You can do more than that. Triangles can be defined by reversing one, two or all three sides of what we ordinarily consider triangles, provided we use the proper supplementary or reflex angles to define the "interior" angles corresponding to the side orientations.
We illustrate with a triangle $ABC$ with $A$ at the projected face center of an inscribed cube, $B$ at an adjacent vertex and $C$ at an edge center adjacent to the face center $A$ and vertex $B$. From the geometric construction the angles at $A,B,C$ respectively measure $45°,60°,90°$ ad the respective opposing sides measure $35°,45°,55°$; the sides are rounded to the nearest degree for brevity.
Now say we reverse side $a$, going the long way around the sphere from $B$ to $C$. Now $a$ will gave the reflex measure $325°$, angles $B$ and $C$ becone their supplentary values $120°$ and $90°$, and angle $A$ measured on the same side of the perimeter as angles $B$ and $C$ takes on the reflex value $315°$. Sides $b$ and $c$ remain $45°$ and $55°$. Strange as these numbers may seem, if you plug them into spherical trigonometric laws such as the Law of Sines and the Laws of Cosines, they fit perfectly well apart from the rounding mentioned earlier.

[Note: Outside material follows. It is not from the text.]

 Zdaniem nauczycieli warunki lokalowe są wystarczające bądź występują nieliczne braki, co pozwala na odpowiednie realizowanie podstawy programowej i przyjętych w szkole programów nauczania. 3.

One thing that does change is the angle sum: it was $195°$ for the original triangle but now is $525°$ for the interior angles as defined in this paragraph. Reversing side $a$ leads to a different, in this case larger, portion of the sphere being enclosed with the supplementary angles at $B$ and $C$ and the reflex angle at $A$.
We may similarly render:
$a,b$ reversed: $A,B,C=325°,315°,55°;a,b,c=135°,120°,270°$
$a,b,c$ reversed: $A,B,C=325°,315°,305°;a,b,c=315°,240°,270°$
We may do similar things in Euclidean geometry, exchanging the triangle for a figure containing open rays along the sides that were reversed or turned inside-out. For example, in what we usually call the $3-4-5$ right triangle the angles measure $37°,53°,90°$ (rounded where necessary). Now draw the hypotenuse the "wrong" way, forming rays that lie along the line between the vertices but going to infinity instead of between the vertices. Taking the supplementary angles on the reversed hypotenuse as interior angles, they now measure $143°,127°$. The right angle, measured on the same side of the boundary, now measures $270°$. The Laws of Sines and Cosines are now consistent with the sides measuring $3,4,-5$ instead of $3,4,+5$; the reversed orientation corresponds to the length effectively becoming negative. The Pythagorean Theorem, conveniently relating only even powers of the sides, still holds.